「特捜部は恐ろしいところだ」ストーリー通りの供述を取らなければ、という強いプレッシャー〈陸山会事件〉

2011-07-11 | 政治/検察/裁判/小沢一郎/メディア

「特捜部は恐ろしいところだ」なぜ検事は取り調べでその言葉を発したのか? 
NCNニコニコニュース 2011年7月11日(月)16時39分配信

 小沢一郎民主党元代表の資金管理団体「陸山会」の土地購入をめぐり、政治資金規正法違反罪で起訴された小沢氏の元私設秘書、石川知裕衆院議員は2011年7月10日、ニコニコ生放送の特別番組に出演し、東京地検による取り調べの際、担当検事が「特捜部は恐ろしいところだ」と発言したときの様子を語った。

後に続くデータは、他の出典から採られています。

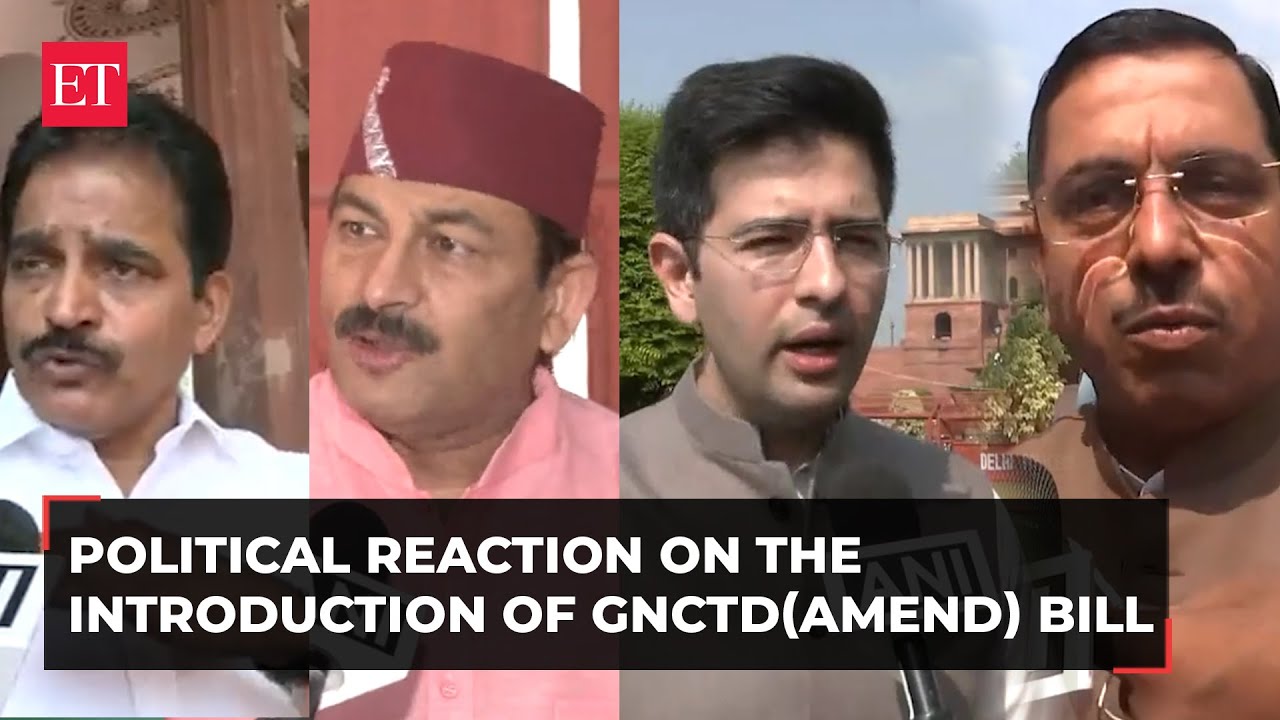 'It will replace democracy by babucracy': Raghav Chadha on GNCTD (Amendment) Bill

また、元検事の市川寛氏は、自らの体験を基に同発言が出た理由を推測した。
 陸山会事件とは、小沢氏の資金管理団体「陸山会」の土地購入をめぐり、政治資金収支報告書に虚偽記入や不記載があったとして、石川議員を含む小沢氏の元秘書3人が政治資金規正法の罪に問われている事件。今年の2月に行われた初公判では3人とも無罪を主張。裁判の行方が注目される中、東京地裁は6月30日、検察側が証拠請求した石川議員ら元秘書3人の供述調書の一部について「威圧的な取り調べや利益誘導があった」などと任意性を否定し、証拠として採用しないことを決めた。裁判所の判断の根拠となったのは、担当検事が発したとされる「特捜部は恐ろしいところだ」という言葉だ。

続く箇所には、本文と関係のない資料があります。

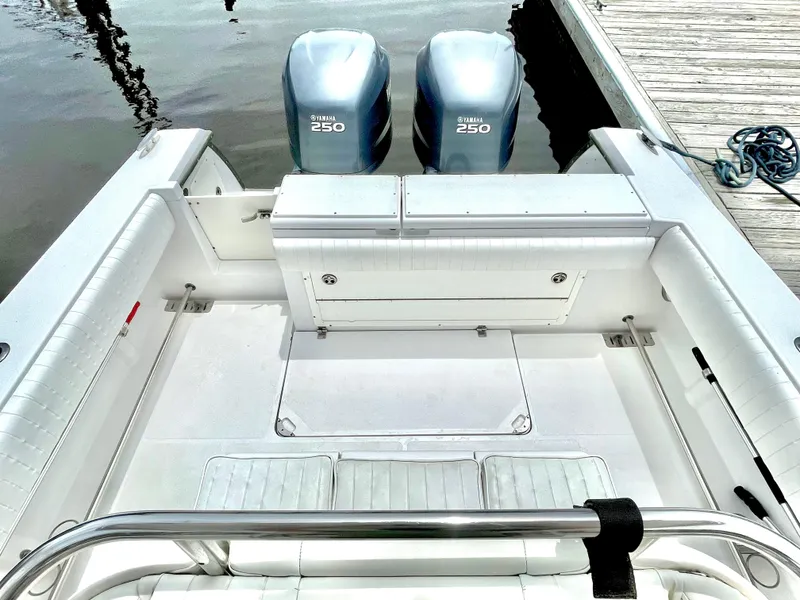 Slide: The Image of Southport 26 Center Console 2008 - 28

 石川議員は取り調べ中に東京地検特捜部の田代政弘検事から「特捜部は恐ろしいところだ。何でもできるところだぞ。捜査の拡大がどんどん進んでいく」と言われたと主張。これに対し、田代検事は否定したが、東京地裁は石川議員の主張を認め、「威迫ともいうべき心理的圧迫があった」として供述調書の証拠採用を却下した。決め手となったのは石川議員が保釈後の再聴取のときに録音していた取り調べのやり取りの様子。そこでは、田代検事が同発言を認める様子が記録されていた。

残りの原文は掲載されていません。